(Source material)

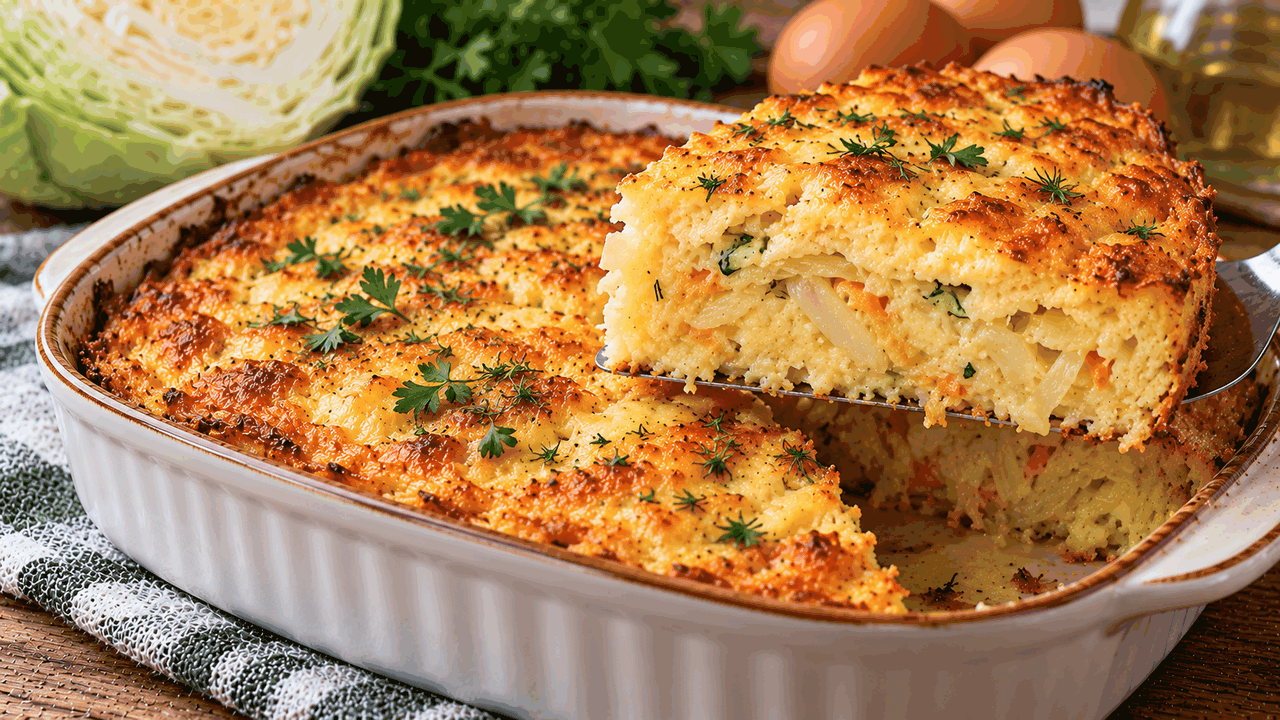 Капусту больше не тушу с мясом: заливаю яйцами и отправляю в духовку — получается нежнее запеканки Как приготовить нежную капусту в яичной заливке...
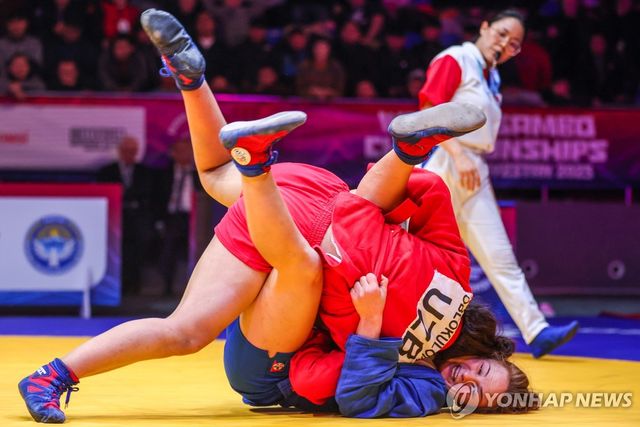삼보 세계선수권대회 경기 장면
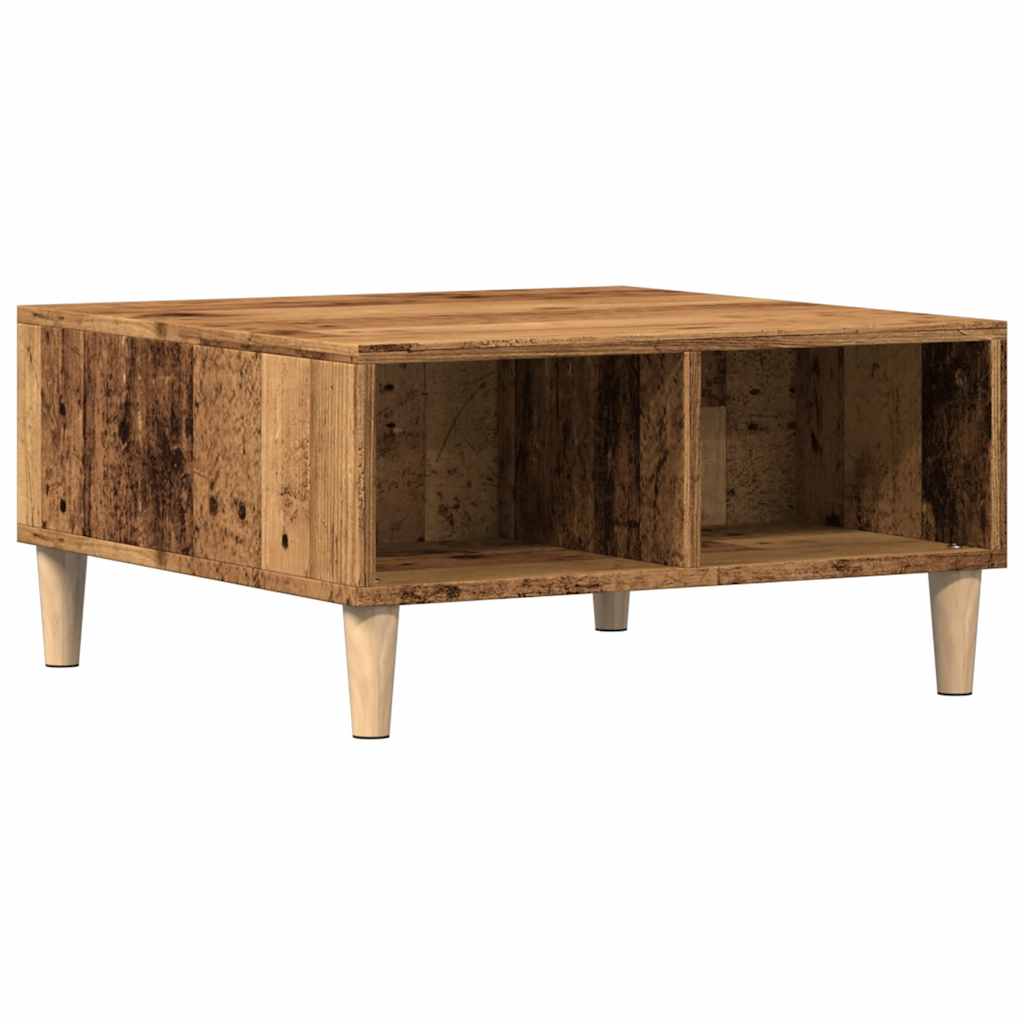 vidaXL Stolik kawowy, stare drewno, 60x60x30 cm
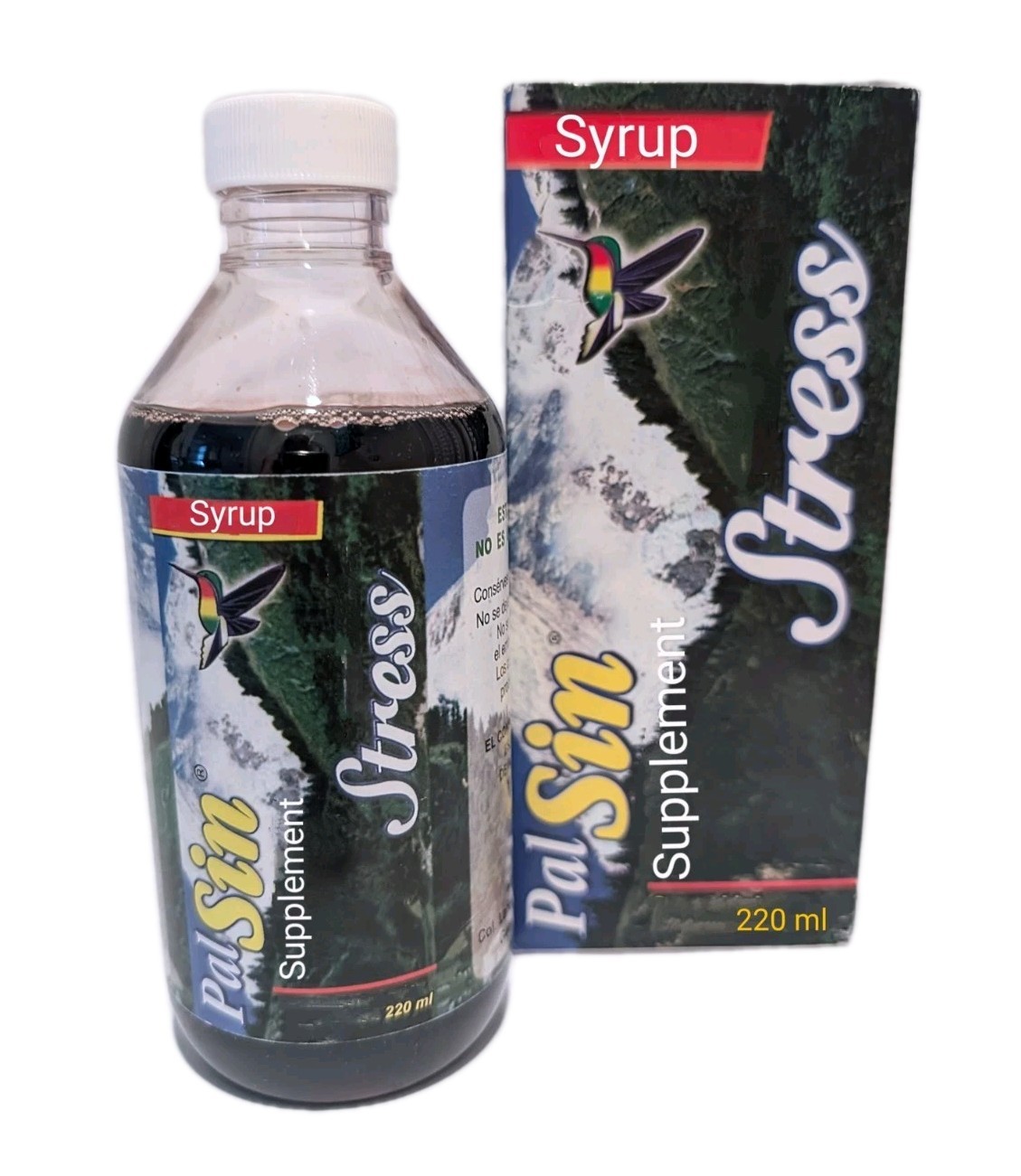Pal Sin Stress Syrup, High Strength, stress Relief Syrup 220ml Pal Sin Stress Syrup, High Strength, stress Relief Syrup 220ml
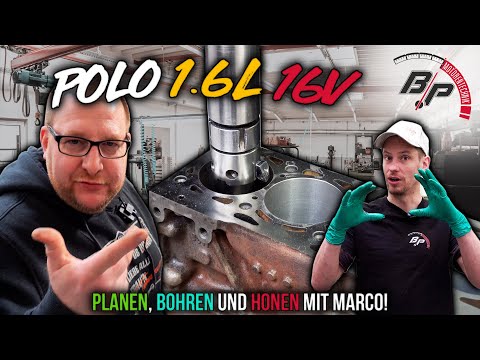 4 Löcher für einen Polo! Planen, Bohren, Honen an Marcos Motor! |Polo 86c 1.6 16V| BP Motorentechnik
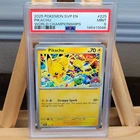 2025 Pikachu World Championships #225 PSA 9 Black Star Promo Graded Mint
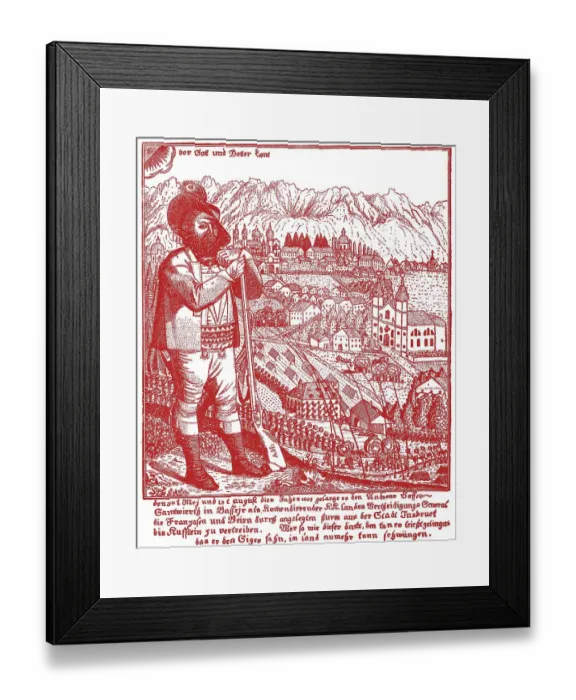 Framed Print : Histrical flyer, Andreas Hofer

(End Source material)

Work request:
Set down every entry word for word, but omit the pictures.

Result below:
 Капусту больше не тушу с мясом: заливаю яйцами и отправляю в духовку — получается нежнее запеканки Как приготовить нежную капусту в яичной заливке...
삼보 세계선수권대회 경기 장면
 vidaXL Stolik kawowy, stare drewno, 60x60x30 cm
Pal Sin Stress Syrup, High Strength, stress Relief Syrup 220ml Pal Sin Stress Syrup, High Strength, stress Relief Syrup 220ml
 4 Löcher für einen Polo! Planen, Bohren, Honen an Marcos Motor! |Polo 86c 1.6 16V| BP Motorentechnik
 2025 Pikachu World Championships #225 PSA 9 Black Star Promo Graded Mint
 Framed Print : Histrical flyer, Andreas Hofer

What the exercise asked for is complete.